Julie Wolfe’s work is rooted in the practice of gathering images and data to explore the world around us, but more importantly, the inner worlds of the self. Wolfe guides the viewer on a journey of transformation through richly conceived systems of color, form, and language that often serve as markers of time and place. It is fitting that the artist introduces us to her newest body of work at a time when the James Webb Space Telescope has provided humanity with our deepest and clearest views of the universe to date. By reflecting 13.1 billion years of light back to Earth, scientists have illuminated the farthest reaches of the cosmos for us to collectively study. It is impossible to resist meditating on our relationship to those distant stars while faced with the magnitude of information in these telescope images.

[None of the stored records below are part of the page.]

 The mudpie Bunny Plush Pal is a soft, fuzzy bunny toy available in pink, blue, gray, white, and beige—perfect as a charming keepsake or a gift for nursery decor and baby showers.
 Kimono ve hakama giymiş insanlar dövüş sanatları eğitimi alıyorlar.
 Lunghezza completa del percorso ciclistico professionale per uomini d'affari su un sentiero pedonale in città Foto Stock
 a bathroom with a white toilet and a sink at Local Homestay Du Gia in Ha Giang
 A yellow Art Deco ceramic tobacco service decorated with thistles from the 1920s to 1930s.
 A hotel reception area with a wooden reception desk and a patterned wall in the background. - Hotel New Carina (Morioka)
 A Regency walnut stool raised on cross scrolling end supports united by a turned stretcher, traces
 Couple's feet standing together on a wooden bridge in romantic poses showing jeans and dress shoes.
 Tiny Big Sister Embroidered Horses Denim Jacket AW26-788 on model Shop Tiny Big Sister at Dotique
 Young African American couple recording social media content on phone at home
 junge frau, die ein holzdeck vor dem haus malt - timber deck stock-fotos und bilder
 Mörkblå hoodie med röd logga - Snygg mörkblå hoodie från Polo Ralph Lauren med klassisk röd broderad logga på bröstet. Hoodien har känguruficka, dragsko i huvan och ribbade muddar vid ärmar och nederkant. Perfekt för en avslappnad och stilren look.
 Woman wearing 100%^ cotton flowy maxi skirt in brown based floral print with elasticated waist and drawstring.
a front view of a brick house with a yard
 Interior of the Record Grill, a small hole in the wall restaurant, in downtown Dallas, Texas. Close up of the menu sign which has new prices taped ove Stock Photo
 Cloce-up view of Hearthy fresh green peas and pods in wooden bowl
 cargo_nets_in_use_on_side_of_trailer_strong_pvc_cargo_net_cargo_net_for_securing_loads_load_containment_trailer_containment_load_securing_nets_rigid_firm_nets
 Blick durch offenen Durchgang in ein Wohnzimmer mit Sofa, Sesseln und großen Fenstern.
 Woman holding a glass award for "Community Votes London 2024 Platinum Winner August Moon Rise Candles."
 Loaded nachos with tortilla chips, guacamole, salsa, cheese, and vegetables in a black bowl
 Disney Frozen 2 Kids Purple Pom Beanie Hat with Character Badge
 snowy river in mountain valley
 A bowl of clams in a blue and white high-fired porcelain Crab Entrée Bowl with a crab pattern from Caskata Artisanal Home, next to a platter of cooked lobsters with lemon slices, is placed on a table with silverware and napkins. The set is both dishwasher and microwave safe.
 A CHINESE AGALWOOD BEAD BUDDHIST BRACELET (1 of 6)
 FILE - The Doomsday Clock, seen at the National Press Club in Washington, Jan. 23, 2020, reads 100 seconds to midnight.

In Opposing Forces, Julie Wolfe continues the investigation of dichotomies in the natural and man-made worlds. By creating relationships between seemingly disparate elements, the artist asks viewers to ponder larger concepts of consciousness, perception, and their very existence within the expanding universe. Through this practice of seeking, Wolfe guides her audience toward a greater sense of meaning and order in an age that feels more like science fiction. Visual references and themes seen throughout the artist’s career are re-examined in this body of work and serve to build upon those concepts. Julie Wolfe creates a space for viewers to stretch their perceptions; to conquer the pressing question of existence while also acknowledging that ultimately, the universe defies reason.
Julie Wolfe (American, born 1963) is a visual and conceptual artist living and working in Washington, DC. Her work is exhibited and collected internationally and has been featured in ARTnews, BBC America and Hyperallergic. She recently completed a site-specific commission, Space Scape, for the Meta Open Arts collection in Washington DC. Recent exhibitions include Quest for a Third Paradise, The American University Museum, Washington, DC (2017), The Color of Light: Utopian Abstractions, originating at the Rothko Art Centre, Daugavpils, Latvia and traveling to L’ancienne évêché, Uzes, and Sete, France (2021). Previous exhibitions at HEMPHILL include Wildfires and Dreamfields (2020), Under Their Gaze, We Become Creatures (2019), The Language of the Birds (2016), Rewilding (2013) and Julie Wolfe (2010). Wolfe received a BFA in Painting and Art History from The University of Texas, Austin, TX.